It
is a fact of life for film users, if it was not for the those
tiny light sensitive particles we would not have some of the world
greatest pictures. All the same overly grainy negatives are a pain if
you have not planned for it to happen it's a big let down. You must
not forget that it is not all about the journey it is about the
results as well and what looks like rubbish to you now. Maybe an
inspired choice to others.
The
fact you have a negative to look at is a result and something that
will print and or scan. At one time grainy pictures were all the
rage. Producing some wonderfully expressive images. Admittedly they
are not everyone's cup of tea. In other words keep an open mind.
The
object of developer is
to bring out the latent image held in the emulsion. This is achieved
by a chemical reaction, acting on the silver, producing dark areas
where it is light and bright areas where there is shadow. The
negative is reversed later with the print. There are three important
things to keep at the front of your mind are: the development time,
the temperature and dilution. It is these three factors that ensure
the ultimate image quality when it comes to printing. Too short a
development time will produce too thin a negative, like wise too long
a process time will make the negative too dense, leading to very
short and very long print times respectively.
Agitation
is important as well and one of the most over looked parts of the
film development,
it can in some cases make the difference in how well your negatives
turn out. As the developer interacts with the emulsion of the film,
it vigorously attacks the silver it comes into contact with and
becomes exhausted. By inverting the tank you refresh this action,
producing evenly developed negatives. It is important
to get this right. To little agitation will allow by-products of the
process to build up, leaving pale-toned streamers as they slide to
the bottom of the film. Likewise excessive inversions will produce
currents in the developer, creating uneven development. Most process
times allow for agitation.
Developers:
The
first thing to look at is the developer. This has the most influence
over how your negatives will look. Before you settle on one in
particular make sure you understand its attributes. On a practical
note you also need to know how often you will process a film. If you
are going to process a film every week or so then it may be better to
use one in powder form like ID11 or D76. Or a one shot liquid for
occasional use, like Ilfotec HC or Kodak HC110. I have suggested
these developers because they are main stream fine grain developers.
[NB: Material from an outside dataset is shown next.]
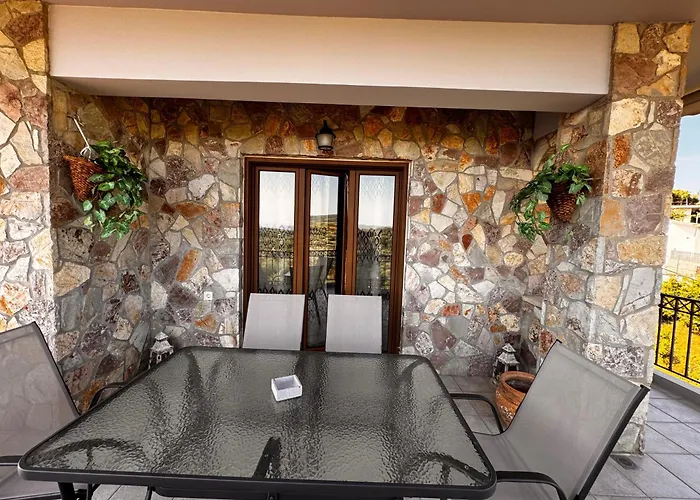 Gaia Navarino Villa *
RO9 is not recognized as a fine grain.
For
example:
Ilford
ID11: A full speed developer
with fine grain.
Supplied as a two pack powder. Down side is that you have to make up
5 liters of stock solution. This then leads to question over it's
keeping qualities. ( I have taken a year to use a 5ltr batch without
any loss of quality) It can be used as one shot or multi use with
allowance for depletion. ( I have only ever used as a one shot.)
Ilfords
Ilfotec HC: A highly
concentrated, fine grain liquid developer. It is suggested that this
is the liquid equivalent to ID11.
Kodak
D76: Fine grain developer recognized as Kodak's ID11. It has been reformulated as a one pack
powder. The down side is that it needs very hot water to mix it
easily.
Kodak
HC 110: A fine grain sharp
working developer. In a highly concentrated liquid syrup form. This
is Kodak's answer to ID11/D76 as a liquid.
One
more developer to what could be a very long list and that is:
RO9
Special/ Studional. These are
the finer bred brothers of RO9 and Rodinal. They are very
concentrated liquids with the good keeping qualities you would
expect from this family.
The unexpected. |
It
is the developer you choose that has the most influence over what
your negatives and grain looks like. Inter mixed with the way you
apply the agitation method you adopt and making sure that the
temperature is right. Master this and the rest will fall into place.
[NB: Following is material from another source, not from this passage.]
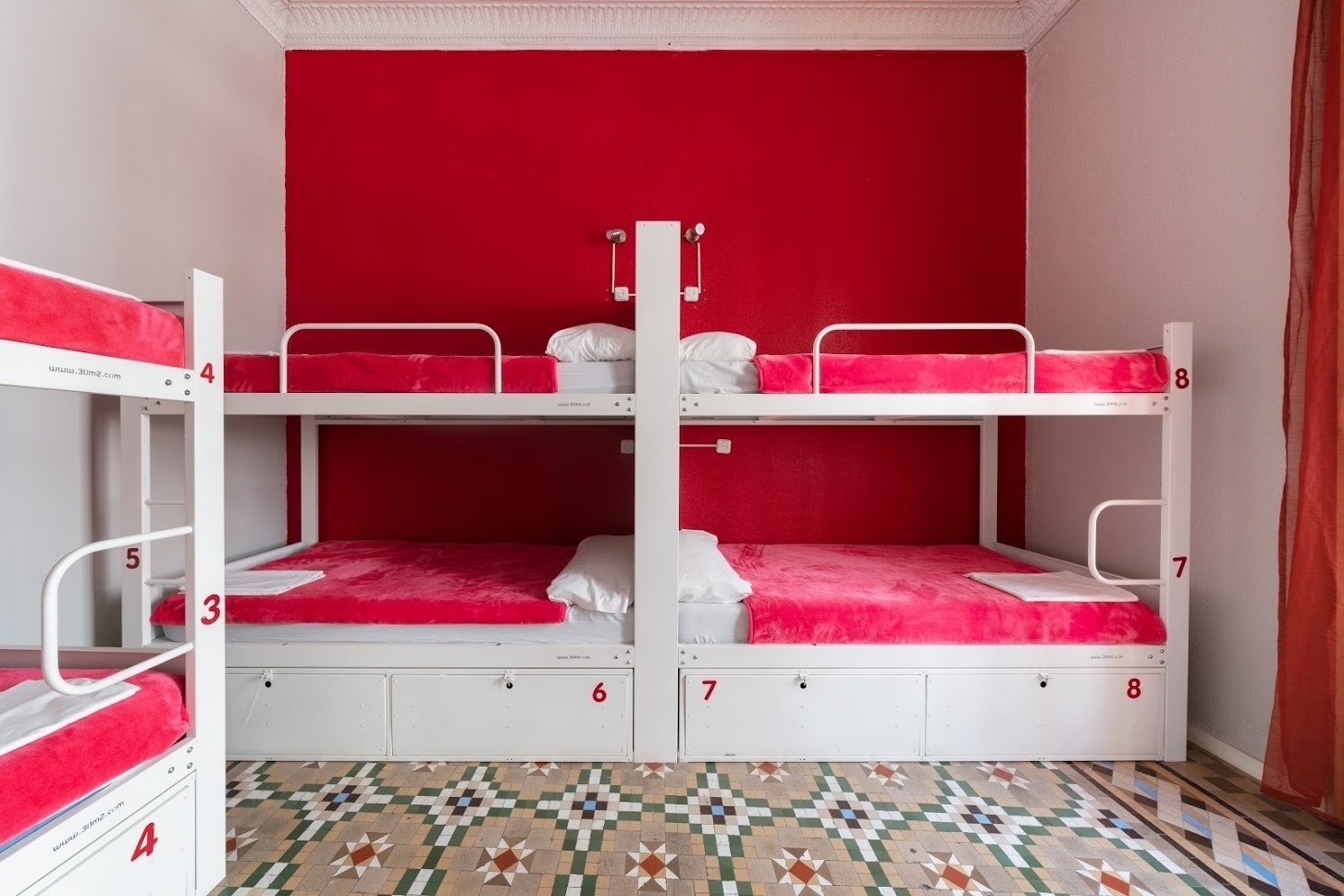 Feet Up Hostels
Yes you will make mistakes we all do even with years and years of
experience it is all part of the rich tapestry of processing. It is
and can be a pain when the results effect that special set of
negatives. I know, it's that spanner that has landed with a big thud
at times. The trick is understanding what went wrong, then put it
right and move on. Now a days there is no such thing as a bad set of
negatives - just conceptually challenging. You just have to look at
all the apps you can get now that put back all things analogue
photographers try to avoid. So what maybe unacceptable at first will
change over time.
Really
what I'm saying is to keep an open mind, the analogue process can, if
you embrace it, give an unexpected creative lift to your images.
Which today is more acceptable than it used to be.